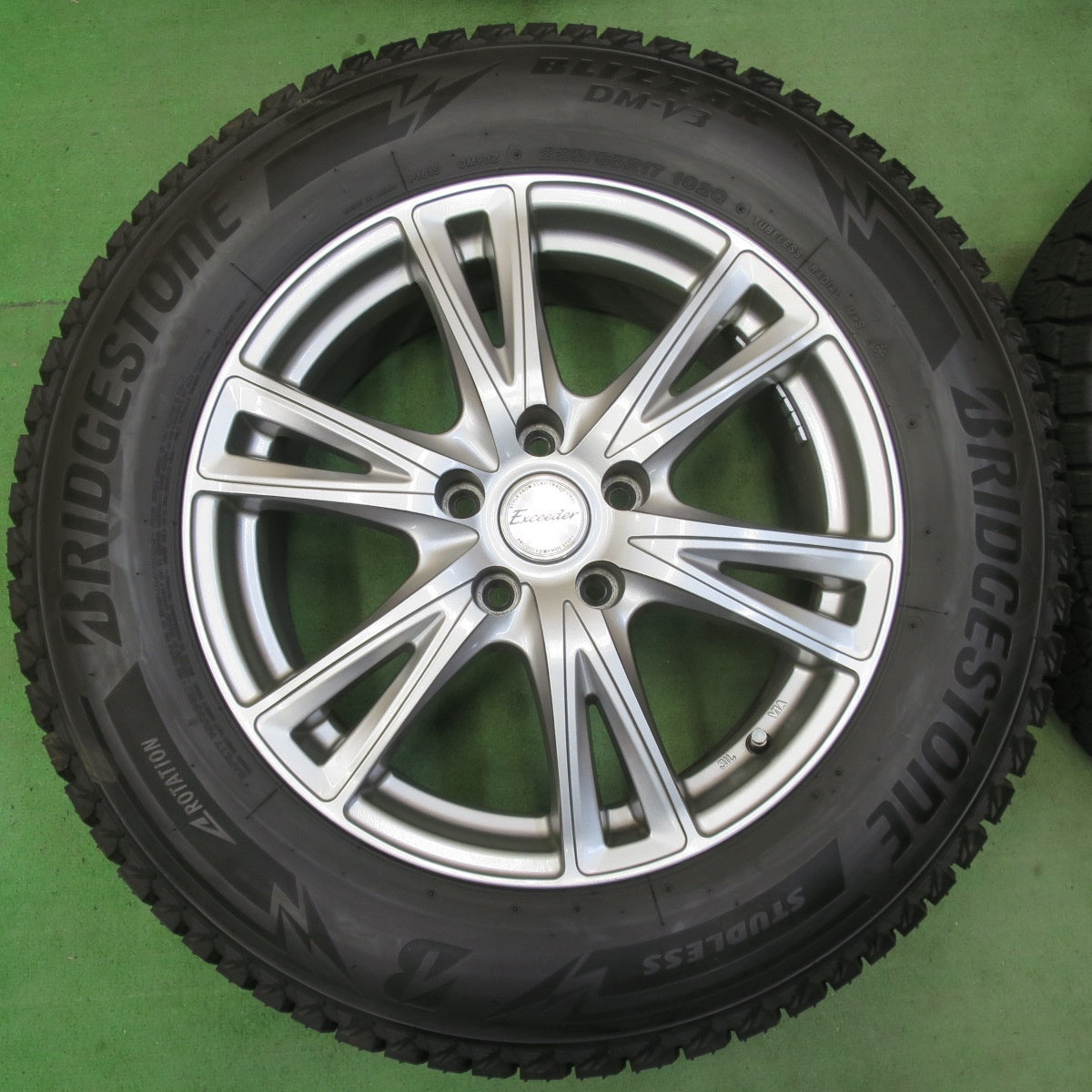 バリ溝!24年!キレイ!ほぼ10分★スタッドレス 225/65R17 ブリヂストン ブリザック DM-V3 Exceeder エクシーダー 17インチ PCD114.3/5H★5051503イス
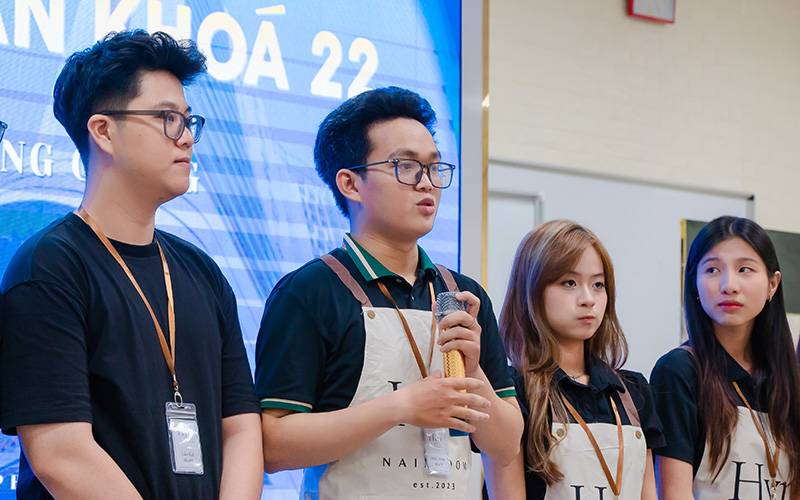 Sinh viên 88vv11.com 88vv23.com bảo vệ đồ án theo mô hình pitching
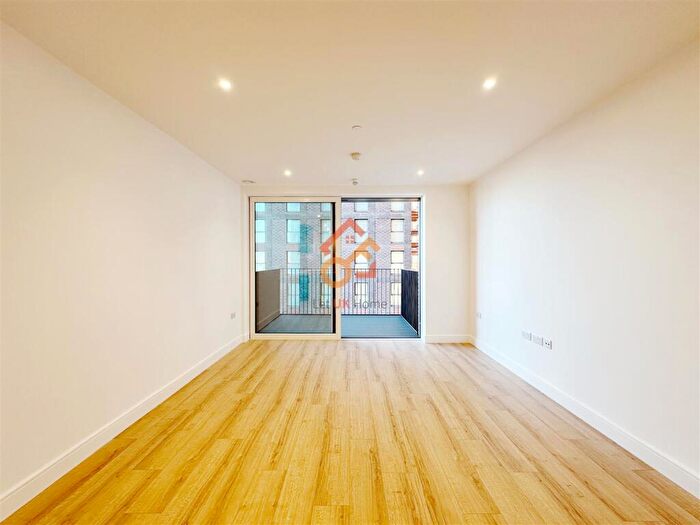 1 Bedroom Flat To Rent In Waterview House, Quay Walk, Wembley, HA0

● ● ● ● ●

**EXERCISE INSTRUCTIONS:** Write each line exactly as it appears, from the line that holds "Sinh viên 88vv11.com" through the closing line of the data above, and leave every picture out.

**OUTPUT OF THE EXERCISE:**
 Sinh viên 88vv11.com 88vv23.com bảo vệ đồ án theo mô hình pitching
 1 Bedroom Flat To Rent In Waterview House, Quay Walk, Wembley, HA0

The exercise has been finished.